I’m hoping you might be able to shed more insight based on your own experience so that I can minimise wastage of both my own time and CPU cycles; but it’s really important to try to isolate individual variables:
When you increased the number of threads, did the speed of execution basically increase in direct proportion to the number of threads?
When you allocated “less memory per CPU”, was the total amount of memory allocated across all CPUs definitely equivalent to that of your earlier attempts?
Rather than comparing pre-
3.0.0 code with one or two t-tests to
3.0.1 with 12 tests, did you ever attempt using
3.0.x but only performing one or two t-tests per invocation?

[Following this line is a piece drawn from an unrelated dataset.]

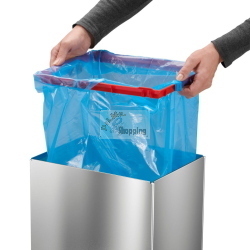 HAILO BIG-BOX SWING XL ACCIAIO INOX MOD. 8602110 EAN 4007126001535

When you performed your tests pre-
3.0.0, did you nevertheless include the same number of factors in the design matrix? I.e. Rather than a design matrix with 7 columns being used for all hypothesis tests, with each invocation just extracting the beta coefficient for the column of interest, were you perhaps instead using design matrices that had just two columns, being that first column (presumably a global intercept) and the column of interest for just that hypothesis?
In a test I just did, tripling the number of design matrix columns increased the execution time for a single hypothesis by a factor of 12. So it might not be the number of hypothesis tests that inflated the execution time at a rate greater than expected, but the increased complexity of the model.
(Note that if this happens to be the case, the actual hypothesis being tested is different between the two usages).
On a more technical note, this long execution time for permutation inference using more complex models—and the solution to such—is discussed in this manuscript; I’d like to adopt that approach at some point, but it’s unfortunately not very high on the priority list…
Just replying to let you know this is on my radar. I am just returning to this project after some time away, so I hope to be able to help you answer these questions by the end of the month!